L'histoire :
Tout commence avec un gribouillis dans un coin de la page de garde d’un catalogue. Mais ce gribouillis se met soudain à bouger, à se doter d’un museau, d’oreilles, puis d’une patte, de deux, de quatre… et à marcher. Le gribouillis devient chien. Dans un premier temps, il part à la conquête de sa page. Celle-ci étant immaculée, il se dirige rapidement vers les pages de l’autre côté de l’agrafe. Il arrive alors sur une page répertoriant différents « appareils de chauffage ». Tous sont parfaitement dessinés, très détaillés. Et surtout… ils parlent, contrairement à lui. Considéré comme une rature, il est démocratiquement exclu. De retour sur sa page de garde, Gribouillis pleure son rejet. C’est alors qu’un diable apparaît. Il lui offre gracieusement une ombre portée et un langage bien à lui. Attaché au bout d’une laisse, Gribouillis est traîné à travers les pages du catalogue. De retour face aux appareils de chauffage, le diable les rassure : Gribouillis est un « concept artistique ». Et après tout, « le mauvais goût est très tendance en ce moment ». C’est ainsi qu’il est introduit aux autres occupants du catalogue : de merveilleuses usines mécaniques modernes. Ébloui par la qualité des dessins, Gribouillis en prend plein les mirettes. Or bientôt, la visite l’ennuie profondément, son guide parle beaucoup trop. Il finit par se débarrasser de sa laisse et prend la tangente. Une brigade de draps de lit se lance alors à sa poursuite. En cavale, Gribouillis se retrouve dans un paysage lugubre, devant un château où est enfermée une jolie princesse aveugle : Dentelle, la fiancée du patron. Prisonnière du diable, elle lui révèle que tous les objets inanimés qu’il a croisés jusque-là ont été privés de leur âme par ce dernier.

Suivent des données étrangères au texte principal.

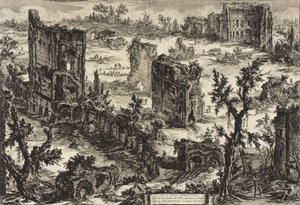 Vue des Thermes de Titus, c.1775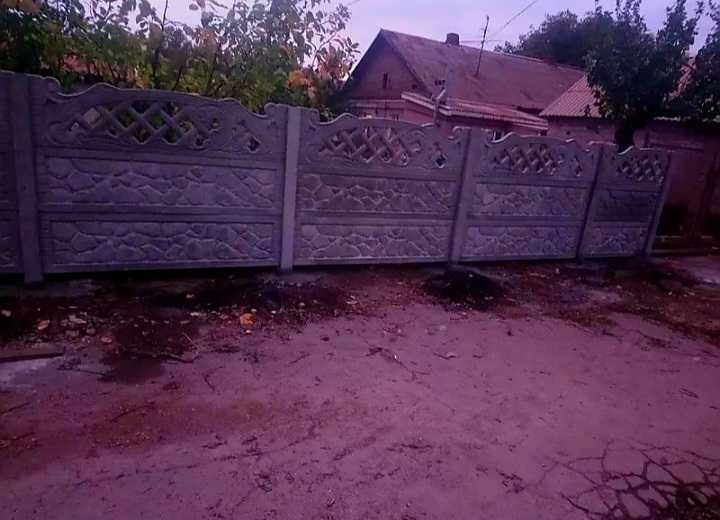 Еврозаборы,Ворота, Забор, Бетонный забор,Заборы, Європаркани, Паркани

Ce qu'on en pense sur la planète BD :
C’est l’histoire improbable d’un gribouillis qui prend la forme d’un chien, au sein d’un catalogue d’objets dirigés par un diable tyrannique. Avec cet album, Turf, auteur notamment de La Nef des fous, change radicalement de registre et s'offre une respiration. Il plonge dans l’absurde : un gribouillis s’anime et devient le héros d’un récit d’aventure. Le diable despote qui règne sur le catalogue présente Gribouillis aux autres objets comme un concept artistique. À travers cette définition de son personnage, l’auteur désigne aussi la nature même de sa démarche créative, qui traverse tout l’album. Il s’aventure là où on ne l’attendait pas, et sa notoriété lui permet de publier ce projet singulier chez Delcourt. L’ouvrage se distingue par un travail de mise en page inventif : le personnage interagit avec les éléments du livre lui-même : pages de garde, agrafes, marges, interstices, brouillant ainsi les frontières entre l’histoire et son support. Cet exercice de style est globalement réussi. Cependant, il est un peu regrettable que le gribouillis ait été doté d’une forme reconnaissable. Le choix de lui donner une apparence définie affaiblit la force du propos, là où une figure plus énigmatique, à l’image de son langage inventé, aurait renforcé la démarche artistique. Un parti-pris plus radical en faveur de l’abstraction et de l’absurde aurait sans doute été plus cohérent. De même, l’introduction du héros dans un catalogue d’objets animés ouvre de belles perspectives absurdes, mais celles-ci sont vite abandonnées. L’histoire dérive vers un récit plus classique : un château obscur, une princesse aveugle à délivrer… On glisse alors vers le romanesque, au détriment de l’univers absurde esquissé au départ.